# Bethak - The Desi Lounge > Teen Talks >  Eight Gifts that Do Not Cost A Cent...

## Try2StopME

*1) THE GIFT OF LISTENING . . .*
But you must REALLY listen. No interrupting, no daydreaming, no planning your response. Just listening.

*2) THE GIFT OF AFFECTION . . .*
Be generous with appropriate hugs, kisses, pats on the back and handholds. Let these small actions demonstrate the love you have for family and friends.

*3) THE GIFT OF LAUGHTER . . .*
Clip cartoons. Share articles and funny stories. Your gift will say, "I love to laugh with you."

*4) THE GIFT OF A WRITTEN NOTE . . .*
It can be a simple "Thanks for the help" note or a full sonnet.

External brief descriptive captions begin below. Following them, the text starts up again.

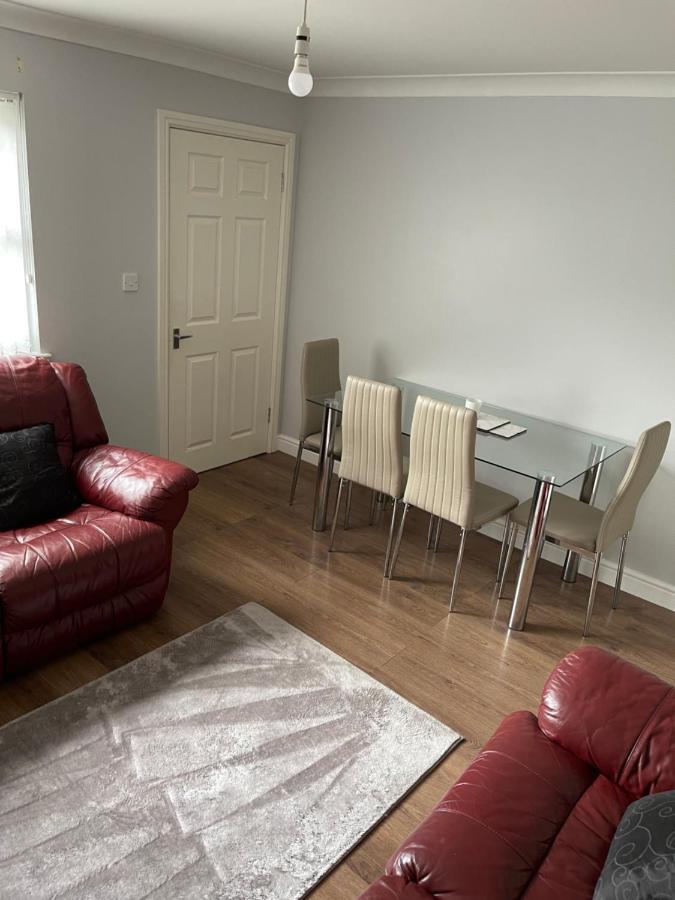 Fife Apartments Dunfermline Exterior foto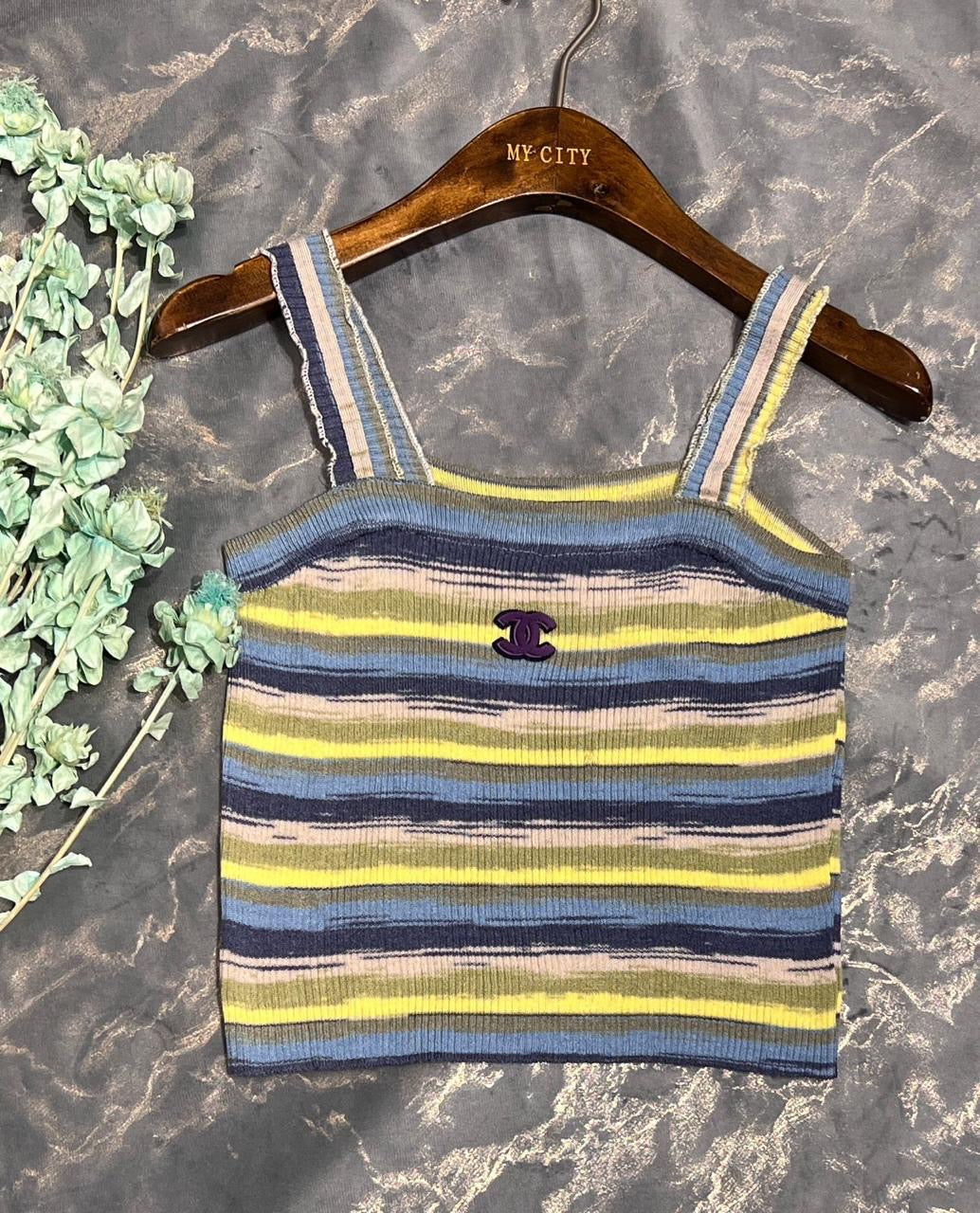 Chanel T-Shirt 3 colors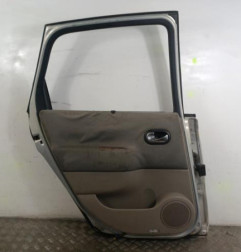 Porte arriere gauche RENAULT SCENIC 2 Photo n°4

A brief, handwritten note may be remembered for a lifetime, and may even change a life.

*5) THE GIFT OF A COMPLIMENT . . .*
A simple and sincere, "You look great in red," "You did a super job" or "That was a wonderful meal" can make someone's day.

*6) THE GIFT OF A FAVOR . . .*
Every day, go out of your way to do something kind.

*7) THE GIFT OF SOLITUDE . . .*
There are times when we want nothing better than to be left alone. Be sensitive to those times and give the gift of solitude to others.

*8) THE GIFT OF A CHEERFUL DISPOSITION . . .*
The easiest way to feel good is to extend a kind word to someone, really it's not that hard to say, Hello or Thank You. Friends are a very rare jewel, indeed. They make you smile and encourage you to succeed. They lend an ear, they share a word of praise, and they always want to open their hearts to us.

----------


## RAHEN

these r really true. u always bring valuable topics.
Thanks 4 sharing

----------


## Be happy Keep smiling

No 5 always works with me  :Big Grin:

----------


## DonWit

no.1,2 ,3 5 works for me...

----------


## Kainaat

nice topic  :Smile: 

thanks for sharin  :Smile:

----------